J'aimerais lui dire « tout de suite », mais je ne peux pas. Et je déteste ça. Je n'ai jamais autant souffert d'être séparé de lui. Je suis de nouveau assis, et je laisse ma tête partir en arrière. Mes pensées ne cessent de s'embrouiller. Il y a un vacarme impossible, là-dedans. J'aimerais être un peu tranquille dans ma propre tête, si ce n'est pas trop demander. Merci. Je ferme les yeux et j'écoute les gens autour. Des familles se pressent au guichet avant se s'installer près de moi. J'écoute leurs chamailleries et je souris amèrement. Pour la première fois de ma vie, je me dis que je déteste la légèreté des gens.
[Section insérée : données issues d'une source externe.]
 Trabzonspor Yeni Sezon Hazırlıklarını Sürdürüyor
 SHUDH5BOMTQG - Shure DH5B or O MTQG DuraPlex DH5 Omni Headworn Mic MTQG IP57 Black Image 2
Les enfants rient, les parents crient, « arrêter de jouer avec cet appareil, j'ai dit arrête, arrête maintenant, mais c'est pas vrai il l'a fait tomber ! Je te l'avais bien dit de faire attention ! ». Et sinon, monsieur, vous n'avez pas pensé une seconde à le lui enlever des mains, ce fameux appareil ? Je soupire. Mes mains sont moites, ma nuque raide, mon dos douloureux. Et je n'attends que depuis une heure. Je n'ai pas tellement les moyens de me payer une nuit à l'hôtel, et puis, je n'arriverais même pas à dormir. Je me lève une nouvelle fois pour sortir. L'ambiance dans le hall est bien trop oppressante, il fait meilleur dehors. J'allume une cigarette et enfonce les écouteurs de mon i-pod dans mes oreilles. À peine deux chansons passent et je n'en peux déjà plus. Tous ces mots, tout ce bruit, je ne le supporte plus. Je dois parler à quelqu'un. Échapper à mes pensées. Je saisis mon portable et compose le premier numéro qui me vient à l'esprit.
« Allô ?
- Salut maman.
- Tom ! Tu avais dit que tu m'appellerais la semaine dernière...
- Hé bien je ne l'ai pas fait, tu vois. Je suis désolé.
- C'est bon, je te pardonne. Ça va ? Tu as l'air fatigué. Tu travailles trop, Tom.
- Maman... Je vais voir Bill.
- Quoi ? Quand ?
- Mon avion part demain matin.
- Et je suis encore la dernière au courant, hein...
- Maman... J'ai pris mon billet tard. Tu veux que je te ramène quelque chose d'Angleterre ?
- Oh c'est gentil de penser à moi. Fais comme tu veux, je sais que tu n'as pas trop d'argent. Fais toi plutôt plaisir. Et embrasse bien ton frère de notre part à papa et moi.
- Oui, c'est promis.
- Et surveille-le, je sais qu'il est du genre à manger n'importe comment et à ne pas dormir suffisamment quand je ne suis pas derrière lui.
- Je... oui, je le surveillerai. Écoute, je dois te laisser, je suis sur le portable.
- Merci d'avoir appelé, Tom. Je t'embrasse.
- Moi aussi. Je... je t'aime maman. »
Je n'ai pas attendu sa réponse. Non, en fait, j'ai raccroché très vite pour ne pas l'entendre. Je ne suis pas très doué pour les déclarations d'amour. J'espère juste qu'elle ne s'inquiètera pas et qu'elle n'aura pas l'idée d'appeler Bill. Ce serait pire que tout... Bon. Je prie pour que mon cerveau tienne le coup jusqu'à mon arrivée à l'aéroport de Londres.